## WHAT IS NEEDED
The material below has pictures in it. Set down only the lines from the line containing "HERON PRESTON Slide Sandals With Logo Label" through the line containing "FABA Rugzak Zipi", word for word, and leave the pictures behind.

## LISTED ENTRIES
################
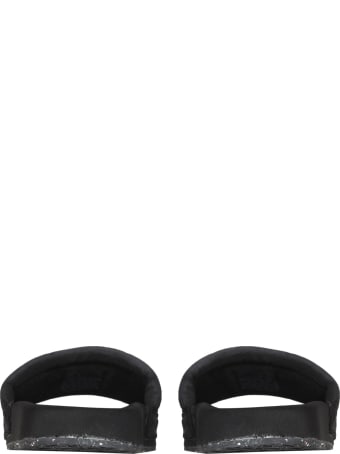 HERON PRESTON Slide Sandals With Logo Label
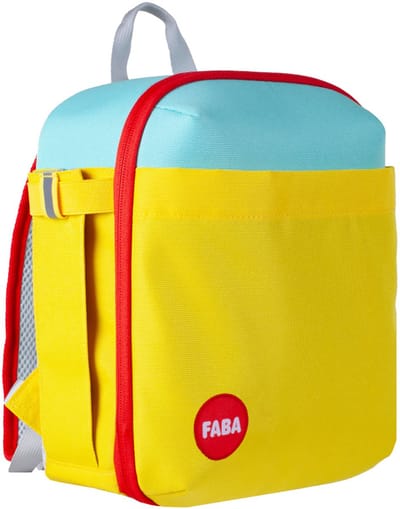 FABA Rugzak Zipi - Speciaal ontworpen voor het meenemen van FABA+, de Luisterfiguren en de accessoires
################
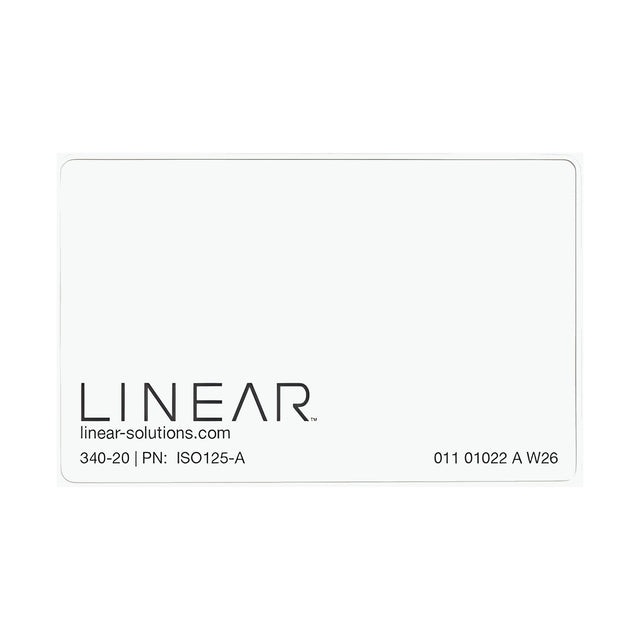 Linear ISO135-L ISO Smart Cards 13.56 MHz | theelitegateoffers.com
################
## WRITTEN ANSWER
 HERON PRESTON Slide Sandals With Logo Label
 FABA Rugzak Zipi - Speciaal ontworpen voor het meenemen van FABA+, de Luisterfiguren en de accessoires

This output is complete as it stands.